Le Jurassic Park politique marocain

ils sont là  depuis la nuit des temps

Il fut un temps où les feux des projecteurs étaient braqués sur ces chefs de partis qui n’arrivaient pas à se résoudre à partir. Or, aujourd’hui, exception faite de Mahjoubi Aherdan (plus de 80 ans), qui préside aux destinées du Mouvement populaire ou de l’un de ses avatars depuis 1958, et qui reste le dernier dinosaure du Jurassic Park politique, tous les autres ont passé la main.
Depuis lors, la gérontocratie s’est nichée dans les centrales syndicales où tous les records de longévité sont allègrement battus. Ainsi, à l’issue du VIIIe congrès national de l’UGTM (Union générale des travailleurs du Maroc), tenu en novembre 1999, son secrétaire général, Abderrazak Afilal (74 ans), a été réélu, pour… la huitième fois consécutive à la tête de son syndicat.

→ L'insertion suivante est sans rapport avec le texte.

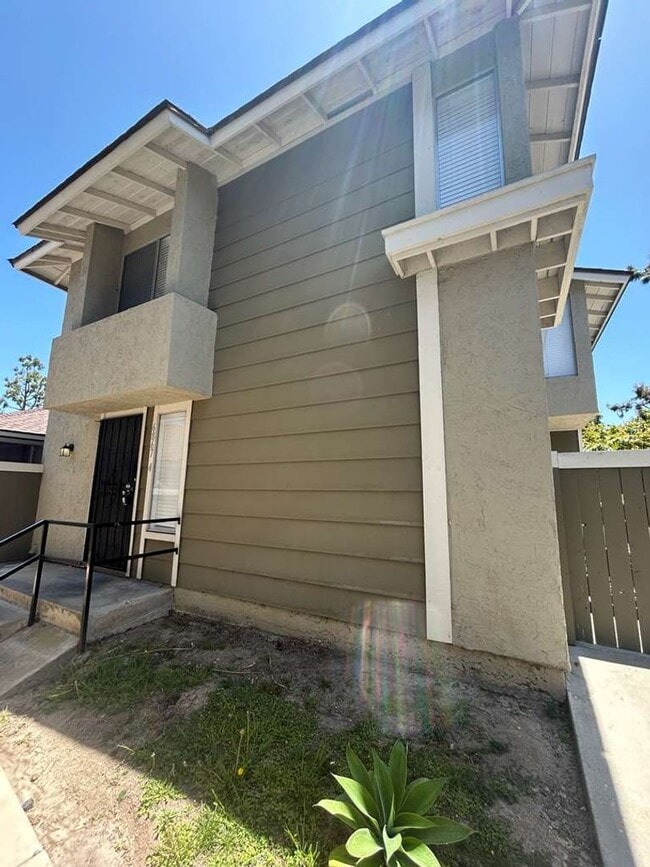 Photo - Spacious Renovated 3 bedroom/2 bath townhome in Paradise Hills! Move in Ready! $3,195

M. Afilal est depuis le 30 mars 1960 le maître à bord de cette centrale syndicale, soit 44 ans !
Le même phénomène est observable pour la CDT (Confédération démocratique du travail), dont Mohamed Noubir Amaoui (65 ans) tient les rênes depuis sa création en 1979, soit 25 ans.

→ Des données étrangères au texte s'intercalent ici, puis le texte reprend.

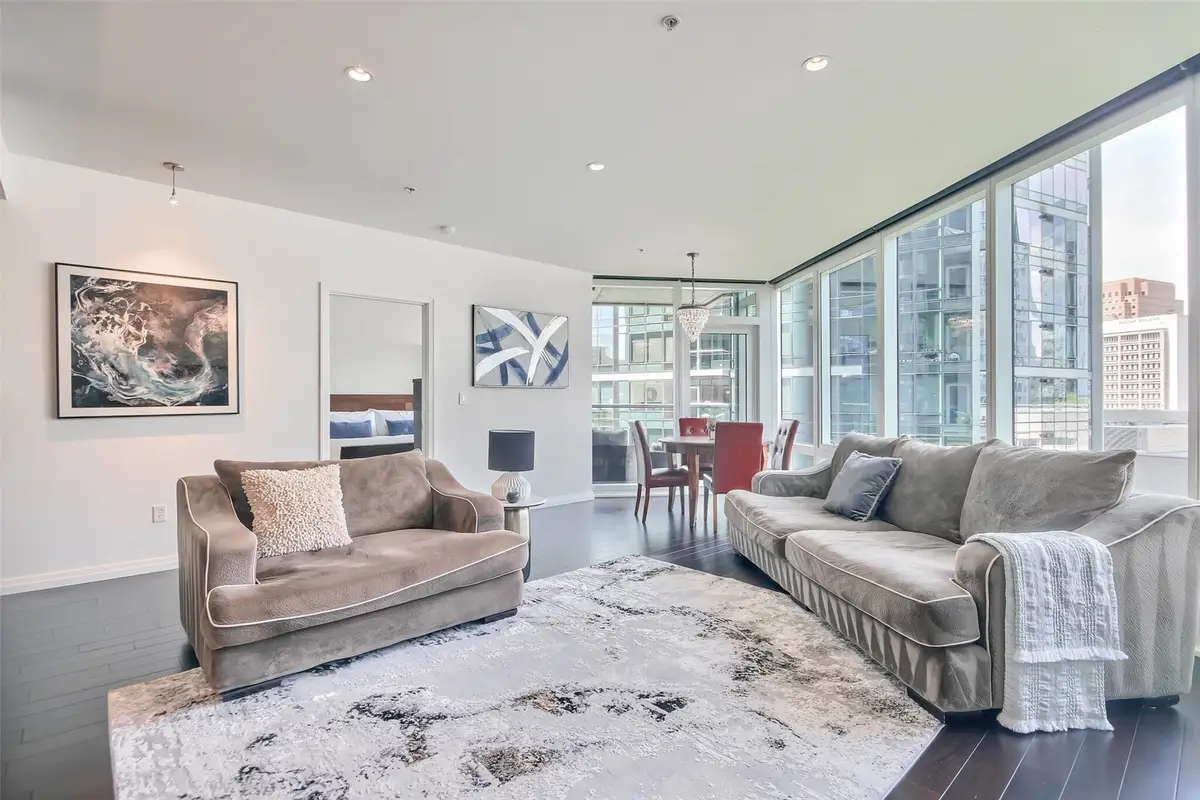 10700 NE 4th Street #1006, Bellevue, WA 98004 - Image #1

Mais la palme d’or toutes catégories confondues dans ce palmarès de la gérontocratie syndicale, et c’est probablement un record mondial, revient à Mahjoub Benseddik (85 ans), qui préside aux destinées de l’UMT (Union marocaine du travail) depuis 1954, soit 50 ans. Un demi-siècle ! Et il n’est pas encore prêt à songer à une retraite bien méritée. Voilà une gérontocratie syndicale encore plus indéboulonnable que sa consœur partisane.
Mais là où cette longévité devient aberrante, voire inadmissible, c’est dans les organisations de jeunesse, et particulièrement la Jeunesse destourienne (UC), dont le secrétaire général, Abdellah Firdaous (56 ans), préside à ses destinées depuis sa création en 1987. Or, M. Firdaous n’est pas prêt à lâcher prise. Il désire rempiler… Le temps d’atteindre l’âge légal de la retraite !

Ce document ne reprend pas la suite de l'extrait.